Revenue and EBITDA reported (context)
Revenue of $82.5 million for H1 FY'26 with adjusted EBITDA of $5.8 million; management notes conditions stabilized as the half progressed despite a weak first quarter.
Strong improvement in cash generation
Cash on hand increased to $28.1 million (up from $21.1 million at 30 June, ~+33%) and net operating cash flow improved to $16.5 million compared with negative $2.8 million in the prior corresponding period, demonstrating a material improvement in underlying cash generation.

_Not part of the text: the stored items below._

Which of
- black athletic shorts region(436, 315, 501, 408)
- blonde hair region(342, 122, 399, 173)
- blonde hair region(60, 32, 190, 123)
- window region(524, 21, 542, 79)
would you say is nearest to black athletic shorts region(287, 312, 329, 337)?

Significant shareholder returns executed
Returned $43.9 million to shareholders ($0.23 per share) via a return of capital in August 2025; Board also declared an interim dividend of $0.01 per share (unfranked), and reiterated commitment to further returns as conditions allow.
Material cost reduction program with clear targets
Targeted annualized cost-out for FY'27 of $12 million to $17 million, with multiple levers underway (affiliate renegotiations, aviation exit, AI and operating efficiencies) to deliver those savings.

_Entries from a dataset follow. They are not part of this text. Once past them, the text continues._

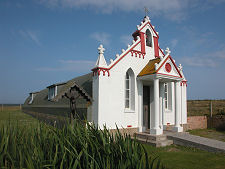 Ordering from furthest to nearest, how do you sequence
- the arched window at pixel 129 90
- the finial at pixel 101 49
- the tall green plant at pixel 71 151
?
the arched window at pixel 129 90
the finial at pixel 101 49
the tall green plant at pixel 71 151

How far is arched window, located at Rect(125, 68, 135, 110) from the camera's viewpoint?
1155 centimetres

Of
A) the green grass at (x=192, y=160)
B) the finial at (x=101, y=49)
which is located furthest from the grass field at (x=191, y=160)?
the finial at (x=101, y=49)

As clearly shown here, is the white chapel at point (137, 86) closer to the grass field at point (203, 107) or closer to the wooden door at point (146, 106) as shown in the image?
the wooden door at point (146, 106)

Affiliate renegotiations and aviation exit delivering savings
Majority of the $7–9 million annualized affiliate savings target has already been executed effective January 2026; full exit of aviation operations expected to deliver approximately $3–5 million in annual savings from H2 onward.
One-off cash proceeds and operational efficiency initiatives
Sale of helicopters to generate ~ $5 million in cash proceeds (most received in early 2026); additional operating cost savings expected through AI and improved sales systems (estimated $2–3 million annualized).